To be honest, I am basing my reason for thinking not on my logic, but on Amy's friends and family. They obviously know Amy better than me, and remain steadfast that despite Amy's depression, she would have never harmed Timothy. Timothy's blood could have been caused by a bloody nose and the knife Amy used to kill herself only had her blood it, which helps a little in backing up their claim. It still concerns me personally that we really don't know one way or another how the blood got on the car seat.
However, my main concern is Amy's ominous words that Timmothy would never be found. If it wasn't for her friends and family vouching for her and I heard that, it wouldn't sound good to me. Why wouldn't Timmothy be found if she didn't kill him? How can she be that confident no one would ever find him? Why wouldn't whoever the people Amy gave her to, if she did, come forward after media coverage? If Timmothy isn't dead and Amy really did give him to "people who cared about him", did these people willingly technically kidnap Timmothy? Did Amy in her depressed state convince these people Timmothy was in danger and there was no one else to care for him (or did Amy in her depressed state even convince herself of that somehow). Are there people who despite the media coverage, took Timmothy in thinking they were helping a desperate woman out and don't even know they have a missing child living in their house? But if that's the case, how would Amy know these people cared about him if they didn't even know him?

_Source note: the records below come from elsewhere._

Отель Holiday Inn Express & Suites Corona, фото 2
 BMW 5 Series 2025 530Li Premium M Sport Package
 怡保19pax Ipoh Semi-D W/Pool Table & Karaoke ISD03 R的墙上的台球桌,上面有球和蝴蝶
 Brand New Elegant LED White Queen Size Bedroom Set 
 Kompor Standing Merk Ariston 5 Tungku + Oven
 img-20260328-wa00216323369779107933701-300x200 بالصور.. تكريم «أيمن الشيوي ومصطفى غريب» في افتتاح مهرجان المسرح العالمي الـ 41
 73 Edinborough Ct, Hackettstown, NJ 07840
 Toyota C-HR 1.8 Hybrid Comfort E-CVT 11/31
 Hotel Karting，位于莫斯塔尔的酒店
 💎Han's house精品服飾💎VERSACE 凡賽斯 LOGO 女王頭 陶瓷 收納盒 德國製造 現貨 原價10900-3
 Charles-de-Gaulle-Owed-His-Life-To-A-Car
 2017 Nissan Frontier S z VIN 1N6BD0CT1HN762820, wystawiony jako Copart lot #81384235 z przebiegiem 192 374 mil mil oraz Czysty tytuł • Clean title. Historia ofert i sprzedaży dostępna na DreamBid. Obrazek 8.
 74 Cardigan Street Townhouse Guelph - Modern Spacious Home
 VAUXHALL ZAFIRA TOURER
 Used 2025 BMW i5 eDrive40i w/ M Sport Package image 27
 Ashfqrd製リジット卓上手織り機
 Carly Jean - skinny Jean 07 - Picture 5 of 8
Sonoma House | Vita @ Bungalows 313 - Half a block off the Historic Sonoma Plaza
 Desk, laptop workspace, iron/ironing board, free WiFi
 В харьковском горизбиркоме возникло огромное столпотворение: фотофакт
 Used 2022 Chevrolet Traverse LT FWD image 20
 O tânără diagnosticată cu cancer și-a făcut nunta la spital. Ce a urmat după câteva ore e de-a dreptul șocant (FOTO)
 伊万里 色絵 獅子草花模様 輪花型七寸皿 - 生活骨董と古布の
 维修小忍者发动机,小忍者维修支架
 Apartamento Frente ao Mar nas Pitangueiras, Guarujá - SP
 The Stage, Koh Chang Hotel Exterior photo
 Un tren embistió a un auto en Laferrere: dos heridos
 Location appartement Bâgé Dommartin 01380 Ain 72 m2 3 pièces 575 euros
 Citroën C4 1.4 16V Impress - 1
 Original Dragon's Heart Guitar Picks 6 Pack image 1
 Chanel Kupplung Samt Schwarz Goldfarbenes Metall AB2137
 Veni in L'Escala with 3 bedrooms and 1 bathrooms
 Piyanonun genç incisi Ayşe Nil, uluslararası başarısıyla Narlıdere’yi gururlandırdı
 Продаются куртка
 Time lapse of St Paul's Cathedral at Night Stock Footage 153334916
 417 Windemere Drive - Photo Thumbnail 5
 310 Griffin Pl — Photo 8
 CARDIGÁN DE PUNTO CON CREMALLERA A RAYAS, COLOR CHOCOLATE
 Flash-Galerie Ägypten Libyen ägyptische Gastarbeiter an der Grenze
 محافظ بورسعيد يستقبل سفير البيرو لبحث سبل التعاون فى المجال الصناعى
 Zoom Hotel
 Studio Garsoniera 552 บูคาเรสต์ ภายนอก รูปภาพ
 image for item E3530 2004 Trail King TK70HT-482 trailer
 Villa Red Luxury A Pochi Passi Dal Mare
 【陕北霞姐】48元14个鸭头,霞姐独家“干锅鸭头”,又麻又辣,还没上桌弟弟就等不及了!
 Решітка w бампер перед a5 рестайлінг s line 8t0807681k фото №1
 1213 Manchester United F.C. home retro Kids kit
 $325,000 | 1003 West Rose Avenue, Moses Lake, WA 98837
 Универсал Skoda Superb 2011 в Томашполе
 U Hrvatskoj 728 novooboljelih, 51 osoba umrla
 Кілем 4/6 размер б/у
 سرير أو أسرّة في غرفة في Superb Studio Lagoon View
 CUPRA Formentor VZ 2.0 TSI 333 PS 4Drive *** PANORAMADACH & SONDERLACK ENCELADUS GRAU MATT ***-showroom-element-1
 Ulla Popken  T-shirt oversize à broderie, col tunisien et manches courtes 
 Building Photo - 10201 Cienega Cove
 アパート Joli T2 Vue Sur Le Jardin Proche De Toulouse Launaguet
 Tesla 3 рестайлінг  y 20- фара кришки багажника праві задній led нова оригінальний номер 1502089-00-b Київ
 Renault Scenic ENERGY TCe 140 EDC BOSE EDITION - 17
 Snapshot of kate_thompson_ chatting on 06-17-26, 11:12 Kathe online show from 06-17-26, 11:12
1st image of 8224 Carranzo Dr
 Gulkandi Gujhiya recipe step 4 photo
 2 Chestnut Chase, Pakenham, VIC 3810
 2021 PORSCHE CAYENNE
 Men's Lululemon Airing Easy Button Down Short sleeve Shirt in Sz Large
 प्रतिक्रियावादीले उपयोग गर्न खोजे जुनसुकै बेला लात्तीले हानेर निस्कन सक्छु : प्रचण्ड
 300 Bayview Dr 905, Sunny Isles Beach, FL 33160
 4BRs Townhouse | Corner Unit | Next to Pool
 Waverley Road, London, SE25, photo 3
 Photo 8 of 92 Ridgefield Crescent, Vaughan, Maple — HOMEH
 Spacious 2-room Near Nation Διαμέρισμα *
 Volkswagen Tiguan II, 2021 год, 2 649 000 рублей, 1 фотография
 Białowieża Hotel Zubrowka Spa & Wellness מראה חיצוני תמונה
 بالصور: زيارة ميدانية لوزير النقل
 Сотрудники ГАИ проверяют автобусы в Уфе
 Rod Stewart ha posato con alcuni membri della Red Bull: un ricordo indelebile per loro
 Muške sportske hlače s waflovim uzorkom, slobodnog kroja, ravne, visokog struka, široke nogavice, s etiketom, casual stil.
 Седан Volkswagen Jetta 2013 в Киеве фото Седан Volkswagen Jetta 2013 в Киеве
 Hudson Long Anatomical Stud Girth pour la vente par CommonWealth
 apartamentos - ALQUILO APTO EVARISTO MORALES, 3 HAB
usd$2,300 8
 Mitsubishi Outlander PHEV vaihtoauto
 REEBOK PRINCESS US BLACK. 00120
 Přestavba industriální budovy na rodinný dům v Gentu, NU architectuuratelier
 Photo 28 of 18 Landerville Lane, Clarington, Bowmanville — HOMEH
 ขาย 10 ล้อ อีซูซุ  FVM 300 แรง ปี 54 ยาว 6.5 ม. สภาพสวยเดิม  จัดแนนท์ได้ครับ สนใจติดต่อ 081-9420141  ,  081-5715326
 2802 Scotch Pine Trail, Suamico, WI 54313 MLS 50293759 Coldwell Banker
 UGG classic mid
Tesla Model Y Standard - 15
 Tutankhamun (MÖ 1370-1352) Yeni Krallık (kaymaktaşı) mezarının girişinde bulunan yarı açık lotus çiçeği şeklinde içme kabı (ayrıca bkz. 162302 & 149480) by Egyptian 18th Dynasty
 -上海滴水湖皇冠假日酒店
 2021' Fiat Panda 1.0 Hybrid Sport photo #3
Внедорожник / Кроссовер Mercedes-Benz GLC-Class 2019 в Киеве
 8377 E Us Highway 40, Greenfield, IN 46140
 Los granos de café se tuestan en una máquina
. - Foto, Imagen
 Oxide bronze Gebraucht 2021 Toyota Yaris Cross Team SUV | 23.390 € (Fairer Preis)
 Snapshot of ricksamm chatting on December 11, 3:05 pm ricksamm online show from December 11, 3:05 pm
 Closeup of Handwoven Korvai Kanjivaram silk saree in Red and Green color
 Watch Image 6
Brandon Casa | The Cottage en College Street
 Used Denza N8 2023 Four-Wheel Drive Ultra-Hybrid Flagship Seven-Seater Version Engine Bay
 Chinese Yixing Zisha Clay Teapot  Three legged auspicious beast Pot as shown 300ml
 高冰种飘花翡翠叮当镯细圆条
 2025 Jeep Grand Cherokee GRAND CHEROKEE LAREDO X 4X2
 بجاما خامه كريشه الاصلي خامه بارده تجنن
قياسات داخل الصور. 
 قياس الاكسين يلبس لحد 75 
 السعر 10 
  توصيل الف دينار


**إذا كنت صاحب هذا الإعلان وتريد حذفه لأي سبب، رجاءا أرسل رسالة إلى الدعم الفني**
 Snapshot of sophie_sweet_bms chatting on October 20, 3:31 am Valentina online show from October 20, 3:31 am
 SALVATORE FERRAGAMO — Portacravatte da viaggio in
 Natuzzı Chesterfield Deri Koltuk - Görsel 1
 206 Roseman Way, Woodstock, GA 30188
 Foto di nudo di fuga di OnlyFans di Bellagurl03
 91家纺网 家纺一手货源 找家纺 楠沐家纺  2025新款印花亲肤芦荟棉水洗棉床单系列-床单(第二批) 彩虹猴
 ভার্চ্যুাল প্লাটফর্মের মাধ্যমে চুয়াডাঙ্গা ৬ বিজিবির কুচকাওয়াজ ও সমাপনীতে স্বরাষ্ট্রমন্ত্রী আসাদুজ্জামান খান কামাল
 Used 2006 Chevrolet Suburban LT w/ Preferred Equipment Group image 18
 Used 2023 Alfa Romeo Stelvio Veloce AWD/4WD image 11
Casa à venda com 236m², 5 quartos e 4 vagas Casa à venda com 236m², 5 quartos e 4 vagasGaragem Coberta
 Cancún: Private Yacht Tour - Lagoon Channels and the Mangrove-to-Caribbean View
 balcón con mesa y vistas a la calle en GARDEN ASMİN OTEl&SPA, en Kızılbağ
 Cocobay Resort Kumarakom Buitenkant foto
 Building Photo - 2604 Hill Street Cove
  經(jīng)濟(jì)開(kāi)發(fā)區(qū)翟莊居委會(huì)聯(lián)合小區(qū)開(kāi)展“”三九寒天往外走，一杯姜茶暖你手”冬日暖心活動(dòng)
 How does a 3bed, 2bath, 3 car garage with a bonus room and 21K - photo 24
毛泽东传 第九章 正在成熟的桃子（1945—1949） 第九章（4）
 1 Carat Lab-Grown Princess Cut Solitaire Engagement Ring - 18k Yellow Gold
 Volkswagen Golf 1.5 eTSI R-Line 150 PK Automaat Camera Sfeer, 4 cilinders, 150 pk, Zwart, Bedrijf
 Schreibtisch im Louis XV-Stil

This is a rather unique missing child case, because when I try to look for hope a child may be alive, it's usually something from the case details. But once again to be honest, just looking at the facts, I wouldn't be hopeful. This is a case where my reason for hope actually and mainly only comes from the hope of the friends and family of Timothy and Amy. And some times that can actually be the best reason to be optimistic for a miracle.